This week, Sabin Vaccine Institute’s Boost Community (Boost) and the World Health Organization (WHO) launched their second COVID-19 Recovery for Routine Immunization Programs Fellowship, with a record 1,681 accepted applicants from 100 countries. Most of the participants work at national and sub-national levels (90%) and work for the Ministry of Health (45%) as immunization professionals in their countries.
This is the second year for the Fellowship, a comprehensive training program aimed at supporting immunization professionals by strengthening their capacity to plan and implement immunization programming.
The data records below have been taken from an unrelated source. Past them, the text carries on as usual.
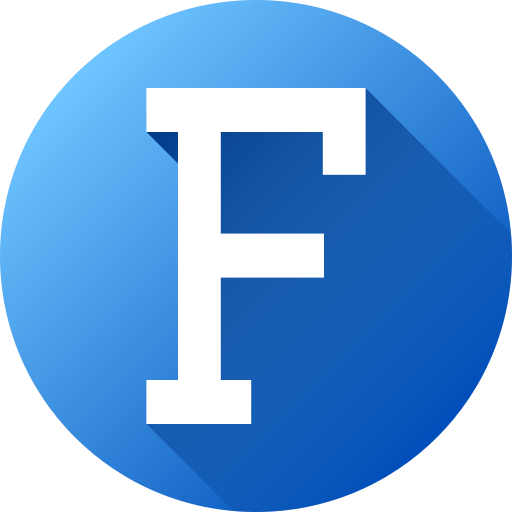 Буква f Generic Flat Gradient иконка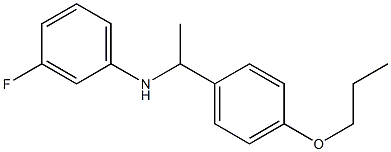 3-fluoro-N-[1-(4-propoxyphenyl)ethyl]aniline Structure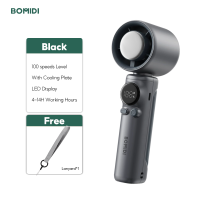 BOMIDI High-speed Handheld Fan MF01 With Cooling Plate Fast Cooling 100 Wind Speeds LCD Display Fan 6000mAh Battery Capacity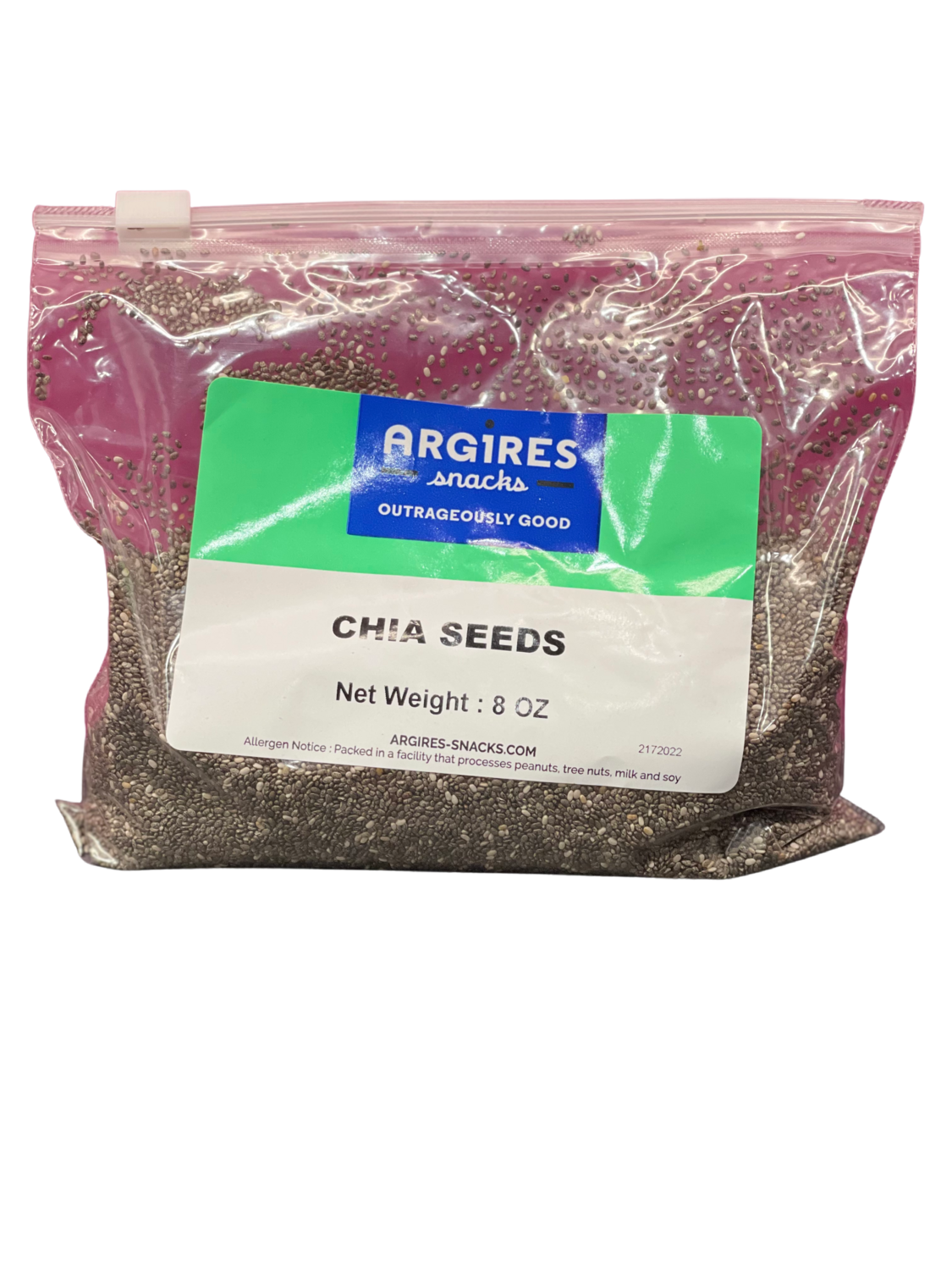 8 oz Chia Seeds from Argires Snacks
It is part of “The Big Catch-up” campaign involving multilateral organizations such as WHO and UNICEF to boost vaccination among children following significant declines in childhood immunization rates due to the COVID-19 pandemic.
More Than 1,200 Participants in First Year
The Fellowship launched last year with more than 1,200 Anglophone and Francophone participants. Nearly 200 individuals completed the first phase of the program, which involved an eight-week live engagement series led by WHO staff and immunization subject matter experts. Topics support rebuilding routine immunization, such as catch-up vaccination, integration and life course immunization, and the development and submission of a prospective strategic proposal or a retrospective case study related to COVID-19 recovery immunization efforts.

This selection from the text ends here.